> **TASK BRIEF**
Where the line containing "This is Xiaomi" appears, end the copy there, keeping that line; start from the first line of the entries, copy exactly, and omit pictures.

> **SUPPLIED DATA**
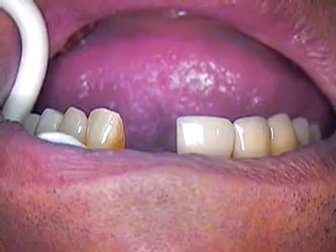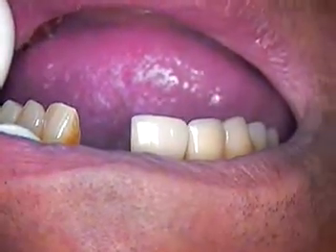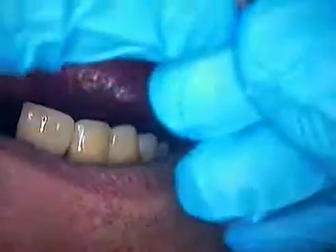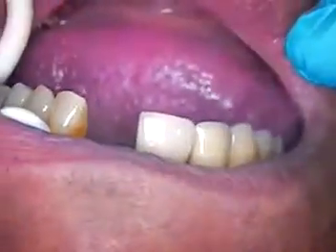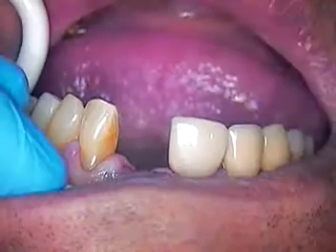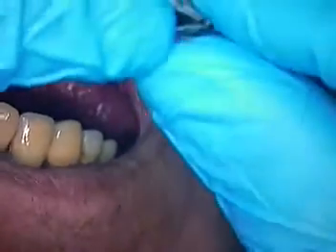This happens to be a Core Vent case that we've talked about earlier. We have a crown off with a broken screw that was presented. The half of the screw is fractured and it's within the implant fixture. This is a Core Vent, now called Zimmer, because Zimmer owns the company.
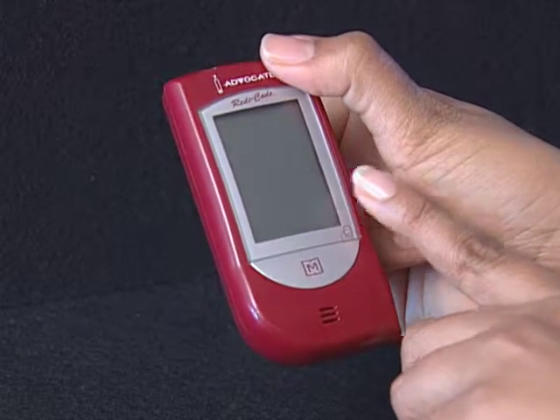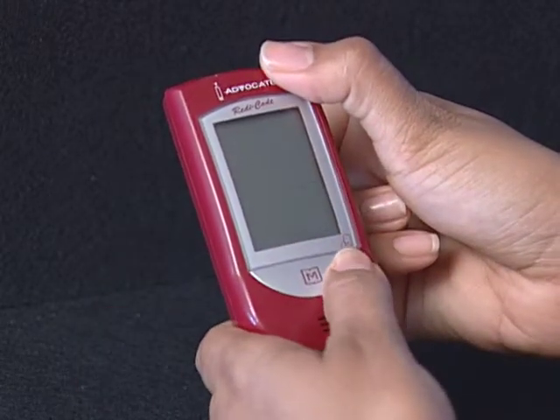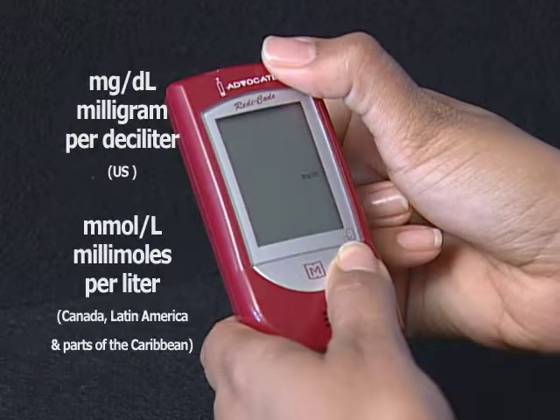Step 6: Select milligrams per deciliter (MG/DL) or millimoles per liter (MMOL/L). Milligrams per deciliter is standard in the United States.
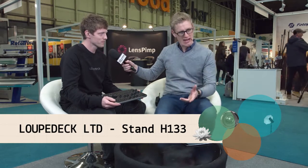This is Luke, who's brought along a Loupedeck. I had a sneak preview of this yesterday. For people who are watching outside who haven't seen it, just talk me through it.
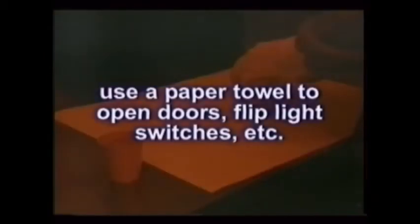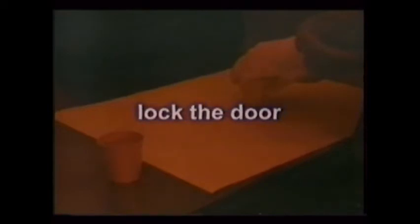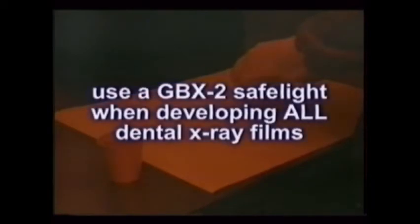If a dark room door must be opened, be sure to use a clean paper towel, not your soiled gloves. Once inside the dark room, lock the door if there is no in-use light on the outside. By law, every dark room must have a safe light for developing intraoral and extraoral films.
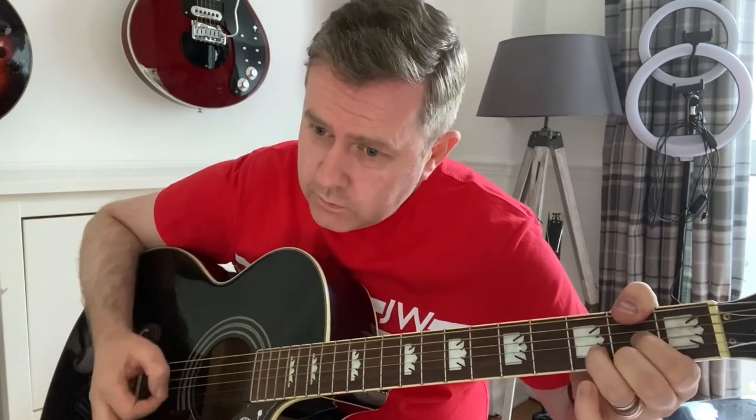Wake up on Sunday morning, everything feels so boring, is this where it ends with Life Through a Lens? In this video we're going to be taking a look at how to play the Robbie Williams song, Life Through a Lens.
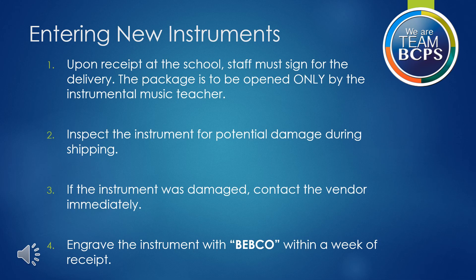Brian Schneckenberger serves as the point of contact for inventory. If you need assistance in this process, contact me as soon as possible. The next slides outline the process to enter a new instrument received at the school. All of these steps should occur within one week of receipt of the instrument.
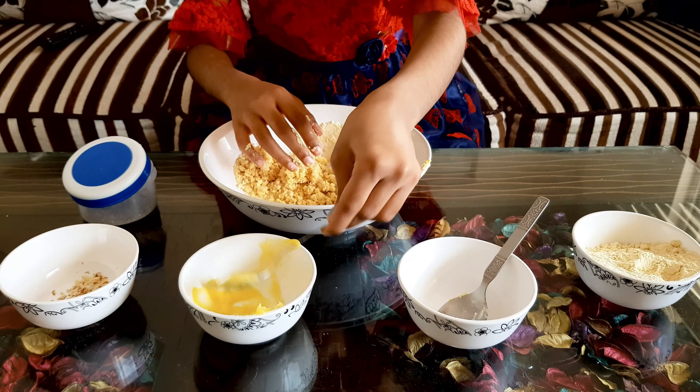Now I'm going to add some ghee too. The consistency should be like you can hold a ladoo — like this. It should be like a dough.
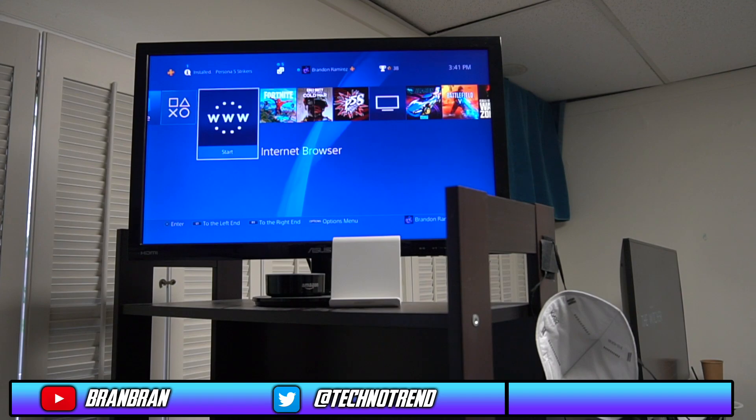Alright guys, welcome back to another video. It's been a while since I've uploaded — about a month, if not a couple weeks. But I am back to show you guys how to screen mirror your iPhone screen onto the PS4. This works for the PS5 as well, and it works for multiple other devices, so I'll be making a video of that in the future.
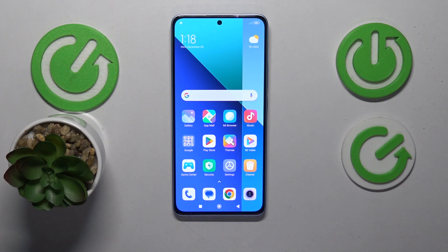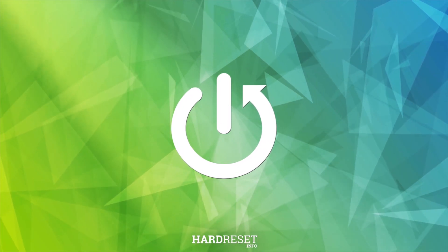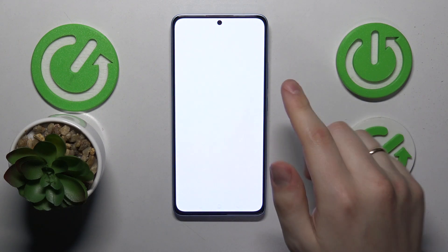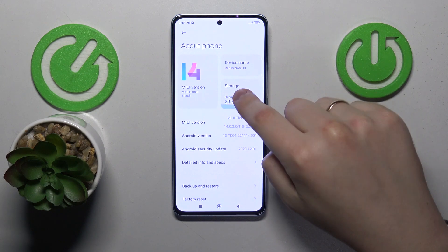This is Xiaomi Redmi Note 13 and today I will show how you can format an SD card on the device. To start, you will need to launch Settings, then enter the About Phone category, and next tap at the Storage section here.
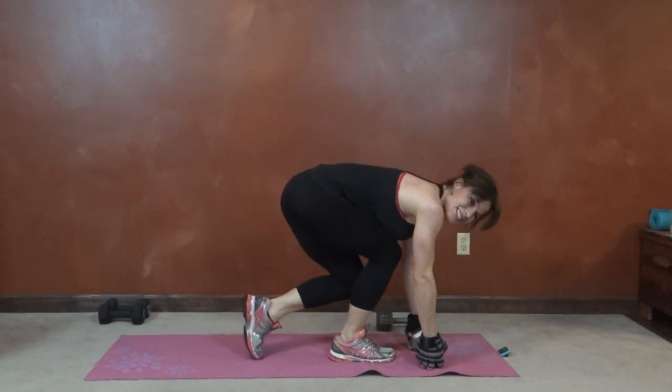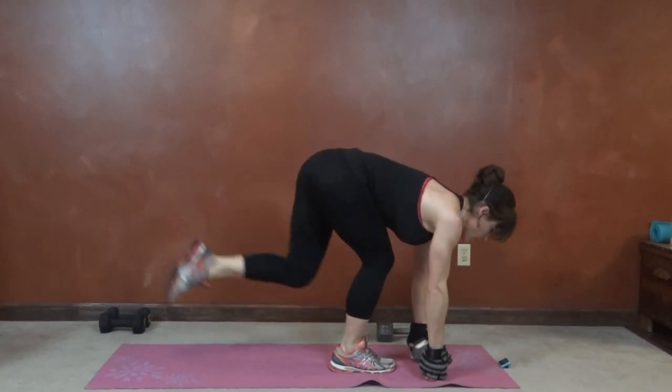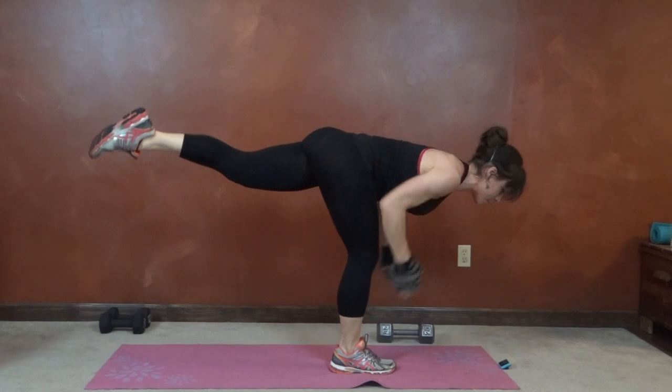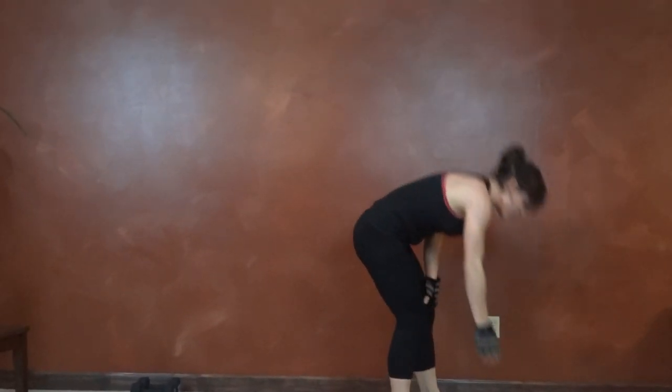10 seconds left, this is the last exercise. That's it for today's workout — nice dumbbell workout. As always, the breakdown will be on my blog, along with the rest of the 30-day challenge and over 400 other free home workouts. Have a great day — benderfitness.com.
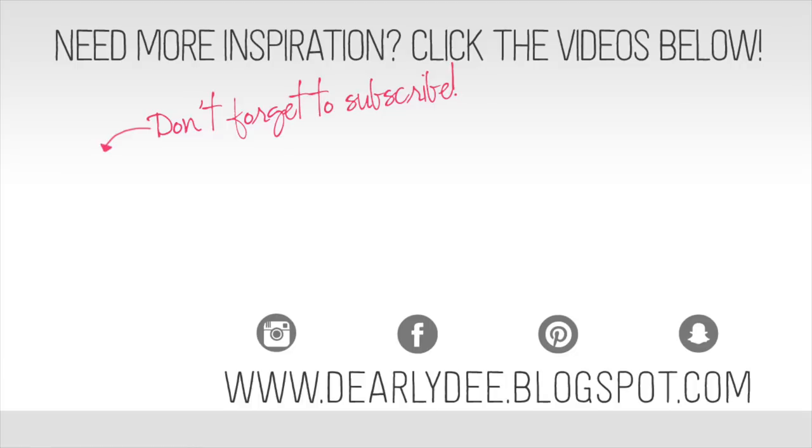If you enjoyed this video please give it a thumbs up and don't forget to subscribe to my channel if you haven't already. If you want to keep watching there are a couple more videos on screen — otherwise I'll see you next time, bye!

> **EXERCISE RESULT**
This happens to be a Core Vent case that we've talked about earlier. We have a crown off with a broken screw that was presented. The half of the screw is fractured and it's within the implant fixture. This is a Core Vent, now called Zimmer, because Zimmer owns the company.
Step 6: Select milligrams per deciliter (MG/DL) or millimoles per liter (MMOL/L). Milligrams per deciliter is standard in the United States.
This is Luke, who's brought along a Loupedeck. I had a sneak preview of this yesterday. For people who are watching outside who haven't seen it, just talk me through it.
If a dark room door must be opened, be sure to use a clean paper towel, not your soiled gloves. Once inside the dark room, lock the door if there is no in-use light on the outside. By law, every dark room must have a safe light for developing intraoral and extraoral films.
Wake up on Sunday morning, everything feels so boring, is this where it ends with Life Through a Lens? In this video we're going to be taking a look at how to play the Robbie Williams song, Life Through a Lens.
Brian Schneckenberger serves as the point of contact for inventory. If you need assistance in this process, contact me as soon as possible. The next slides outline the process to enter a new instrument received at the school. All of these steps should occur within one week of receipt of the instrument.
Now I'm going to add some ghee too. The consistency should be like you can hold a ladoo — like this. It should be like a dough.
Alright guys, welcome back to another video. It's been a while since I've uploaded — about a month, if not a couple weeks. But I am back to show you guys how to screen mirror your iPhone screen onto the PS4. This works for the PS5 as well, and it works for multiple other devices, so I'll be making a video of that in the future.
This is Xiaomi Redmi Note 13 and today I will show how you can format an SD card on the device. To start, you will need to launch Settings, then enter the About Phone category, and next tap at the Storage section here.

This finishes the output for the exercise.